The fate of my life and the second season of The Gray Area, which I spent more than a good year working on and for which I had recorded about 70% of the dialogue for, is now incredibly uncertain. I would very much love to complete the second season. Because it’s been a bountiful joy to work on. The actors I work with are incredibly kind and talented and I treat them all as well as I can, maintaining a fun and relaxed environment committed to creative freedom and immediate compensation, and there are stories I need to tell. But this recent business has poisoned the well. And I’m going to need some time to figure out where I go from here. I don’t know how long.
Do I deserve anything? I don’t know. What I do know right now is that a number of people believe that I am deserving of hatred and humiliation and condemnation and, in one case, even death, and I have to listen to that while also looking out for my mental health and wellbeing.
The one thing I do want to do right now is to state unequivocally that, if you feel I have wronged you in any way and it is based on something I have actually done or said, please let me know right now and I will immediately and forthrightly apologize. You can contact me by email. If you’re not too crazy, I’ll even do it by phone.
Please let me know how I can do right. I’m asking for your help. I’m listening very carefully right now and I’m open to any guidance or suggestions.

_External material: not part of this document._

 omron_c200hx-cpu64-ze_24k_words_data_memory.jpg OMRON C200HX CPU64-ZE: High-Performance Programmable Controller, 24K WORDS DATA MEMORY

Please understand that I am truly trying to be as honest, as fair, as open, as sensitive, and as graceful as I can here. And I also realize that there are some people out there who I will never please or satisfy. If you feel that this statement is woefully insufficient, well, I did the best I could to genuinely own up to every perceived transgression I have ever committed and I further apologize if you feel that nothing I have said here is enough. On the other hand, if you really want to believe the worst about me, then maybe you’re not my audience. So why are you here and why do you even care? You always have the choice to ignore me and live in peace.